Key point: The Pentagon wants real pilots and enemy planes to test itself against.
A private company in Texas has acquired scores of old French fighter jets.
With its 63 former French air force Dassault Mirage F.1s, Fort Worth-based Airborne Tactical Advantage Company possesses an air force that, in size, rivals that of many countries.
ATAC in 2017 announced it would buy the single-engine Mirages in order to expand its adversary operation, which simulates the "red air" enemy force in U.S. and allied war games.
Two years later ATAC announced that, with the help of parent company Textron, it has finished refurbishing and upgrading the supersonic Mirages.

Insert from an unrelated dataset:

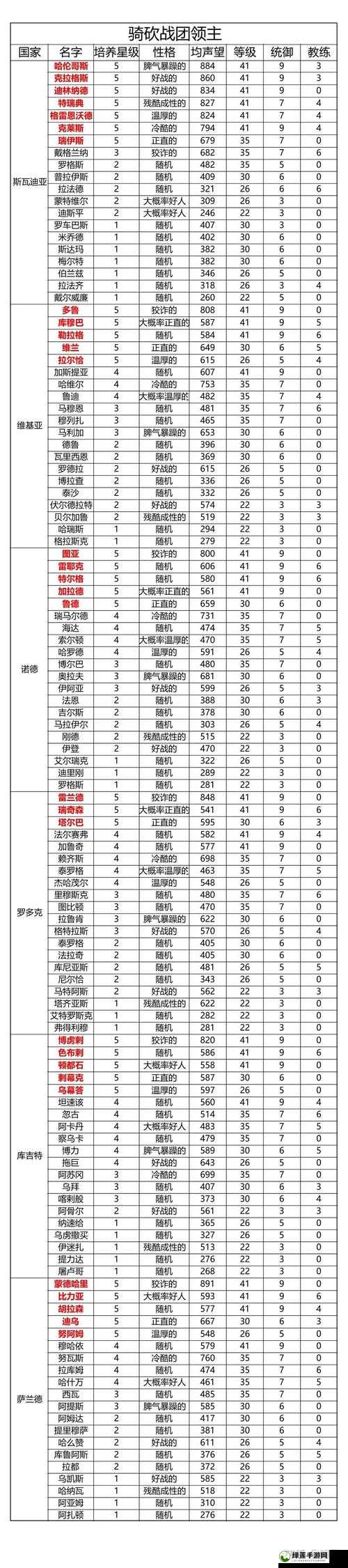 权力与纷争游戏领主装备全面解析及其作用详解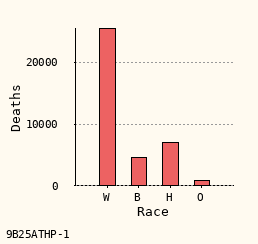 bar chart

"Textron retrofitted around 45 of the F.1s with modern avionics systems such as digital radio-frequency memory-jamming capabilities and upgraded radars," according to Jane's. "ATAC plans to use the Mirages for the U.S. Air Force adversary-air requirement, which requires almost 150 aircraft to fulfill the service's red-air training needs."
ATAC also operates former military Hawker Hunter, IAI F-21 Kfir and Aero Vodochody L-39ZA. Other red-air companies include Draken International, Tactical Air Support, Top Aces and Air USA.
Tactical Air Support recently procured 21 former-Jordanian F-5s, bringing its total fleet of F-5s to 26. Draken bought 12 ex-South African Cheetah fighters, boosting its own total fleet to 109 jets.
Until recently, the U.S. military mostly provided its own red air. The Air Force operated three "aggressor" squadrons flying F-15s and F-16s. But the flying branch in 2014 shuttered the F-15 unit as a cost-saving measure. Two squadrons -- one each in Nevada and Alaska -- continue to fly a few dozen F-16s in the adversary role.
The U.S. Navy and Marine Corps together operate several adversary squadrons flying early-model F-16s and F/A-18s plus 36 refurbished, former-Swiss F-5s. The Navy's 2020 budget request includes $40 million to acquire 22 ex-Swiss F-5s in order to maintain, over the long term, a 44-plane F-5 fleet.